A/N: I've had this particular plot bunny in my head for a while. Hope you enjoy! Read and review...please?
November 1985
He's had a damned long day.
One of the dogs stuck its muzzle in a porcupine, and when that hassle was over, he'd had to deal with a poltergeist that had been somehow tangled up with the engine of that old Buick LeSabre that had been dropped off last week.
Bobby Singer's right about ready for a cold one.
He tips his beer back and lets it sluice down his throat, musky and bittersweet. It's been a long day.
The sudden, wild pounding at his door tells him it's about to get longer.
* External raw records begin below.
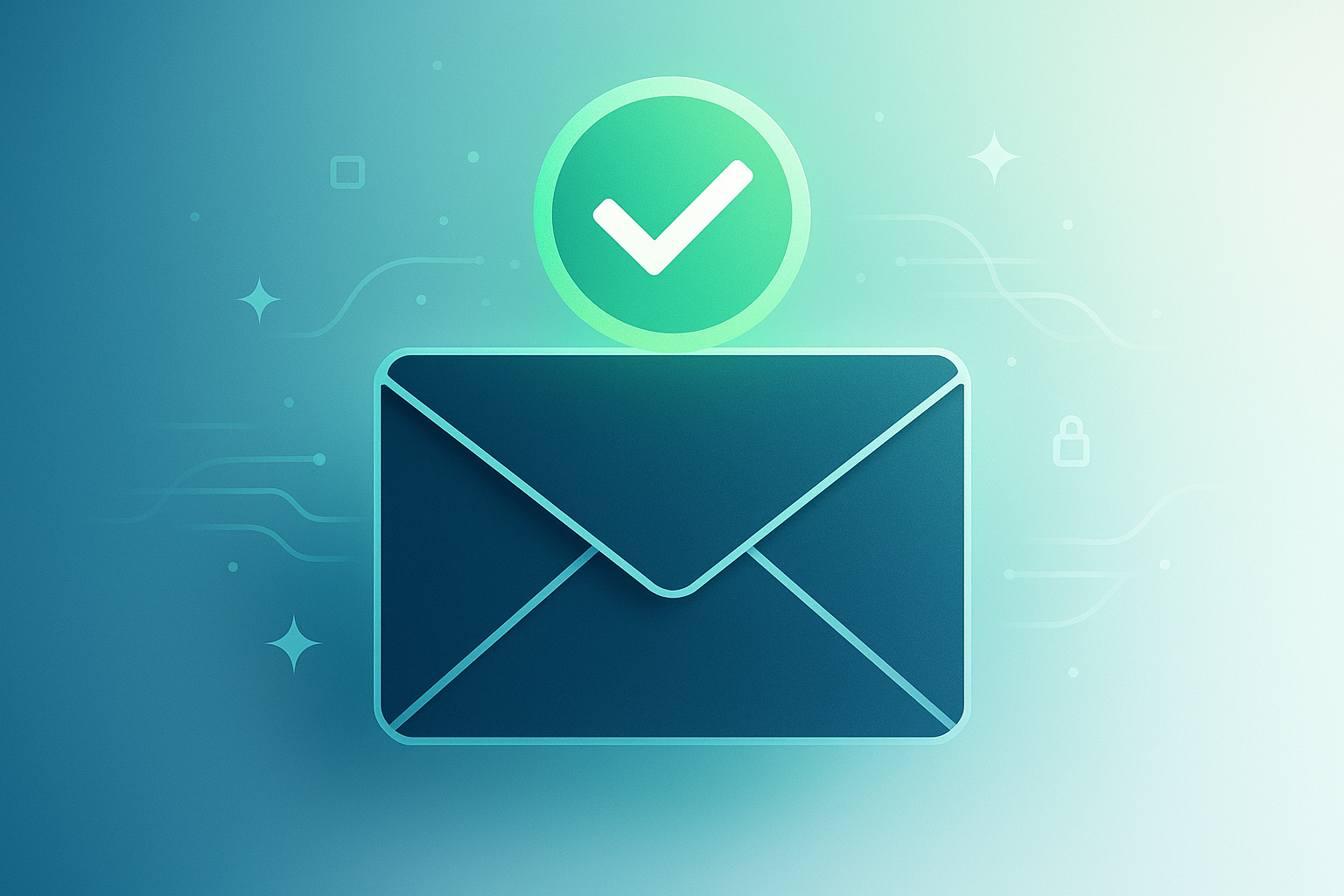 What Is Syntax Validation in Email Verification?
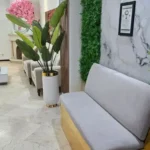 نیازمند پزشک به عنوان مسئول فنی جهت همکاری با مطب واقع در شرق تهران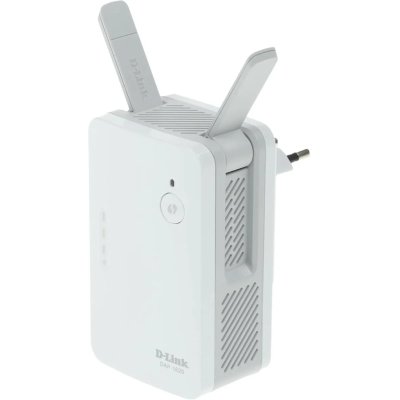D-Link DAP-1620/RU/B1A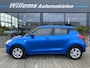 Suzuki Swift 1.2 Comfort Airco, Bluetooth & Elektrisch Ramen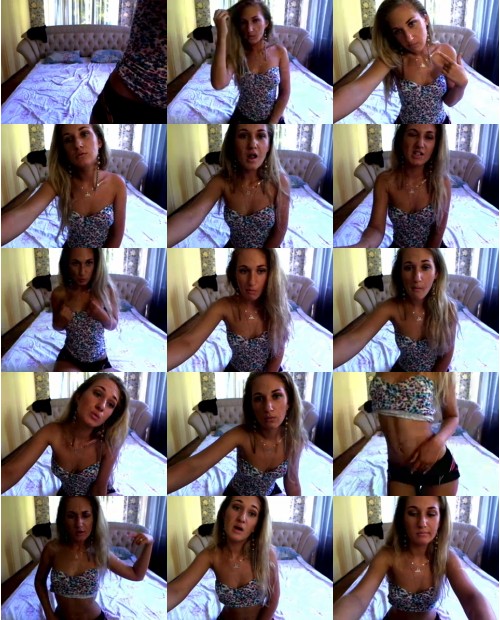 Download Video File: myfreecams miss bordeaux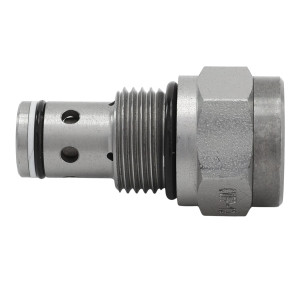 Genie Lift Part # 139527GT - VALVE, CHECK, 5PSI, EA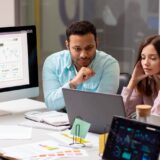crm-vs-erp-smart-neeti-consultancy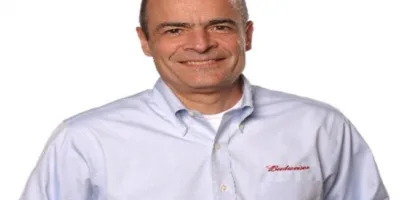 AB InBev (ABUD34): Carlos Brito vai deixar o comando da empresa em 1º de julho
He doesn't recognize the pattern of knocks—and he's no fool. Bobby grabs the shotgun from behind the rocking chair and checks it to make sure that it's loaded with blessed iron.
Funny thing, he gets a share more of the uncanny than of the common tramp.
He's not expecting what he sees when he cracks the door open, eye of the shotgun flush against its panel.
He sees wild eyes beneath matted hair, smells the fresh scent of blood and fear.
The man before him is desperate.
If Bobby's any judge of humanity, this man's been desperate for a long time.
"Who the hell are you?" he demands gruffly, gun steady. Desperation's dangerous.
"Name's Winchester," the man chokes out. "Jim Murphy said you'd put us up for a night."
It's said in a ground-out kind of tone, the tone of a man who doesn't like to ask favors. Bobby understands that. But Bobby's more interested in this Winchester's choice of wording. Pronoun, if y'want to get technical.
"Who's us?"
Winchester doesn't answer. A smaller voice, somewhere near knee-high, does for him.
"Daddy?"
Something in Bobby slumps; something else awakens.
The man's got himself a damn kid.
A shape moves from behind Winchester.
Kids. There's two of them, a tow-headed youngster with stringbean arms wrapped around a squirmy toddler with a mess of dark curls.
"Dean," Winchester grates out, "I told you to wait in the car."
The youngster shifts back into the shadows. "Sorry, Daddy."
Bobby takes quick stock. Winchester's a hunter, no doubt about that if Jim Murphy sent him this way; he's taken a hard hit and he's got nowhere to go, nowhere to rest up. Nowhere for his kids.
Though why anyone would bring kids on this hellride, Bobby doesn't want to know.
What he does know is that he's in for the haul.
He shifts the shotgun to his side and jerks his head to the side. "No use standing out in the dark."
Winchester gives him a look that's probably the closest he can get to grateful and shuffles through the door. He seems to be favoring his left side, or would be if it were in any shape to favor. The towheaded youngster keeps quick step behind him, his sleepy bundle still clutched in his arms.
He can't be more than six or so, Bobby thinks, studying him. He sees pale, high cheekbones under the dark flecks of freckles, and green eyes that are too tired.
Forget his daddy; kid's about to pitch forward onto the floor.
Bobby nudges one of the dogs off the sofa and figures that the act is enough of an invitation for Winchester to sit down.
He does, the taut lines of his shoulders opening into the creaky exhaustion of pain.
Kid doesn't budge.
"Sit," his father says. It's a growl, Bobby thinks, but not an unkind one. Man's messed up, sure-he's a hunter, he's got kids, and...well, he's brought the darn kids with him, which is practically unheard of. But at least he seems to have some sort of concern for him.
The kid bobs his head, obedient, but still eyeing the whole room with a caution that Bobby would find much easier to stomach if it was just usual youngster shyness. But it's not. The green eyes don't just look tired. They look old.
Bobby doesn't much favor being in the dark. "You mind tellin' me what the hell is going on?" he queries. It's a blunt question, but he says it levelly, so it's sort of polite.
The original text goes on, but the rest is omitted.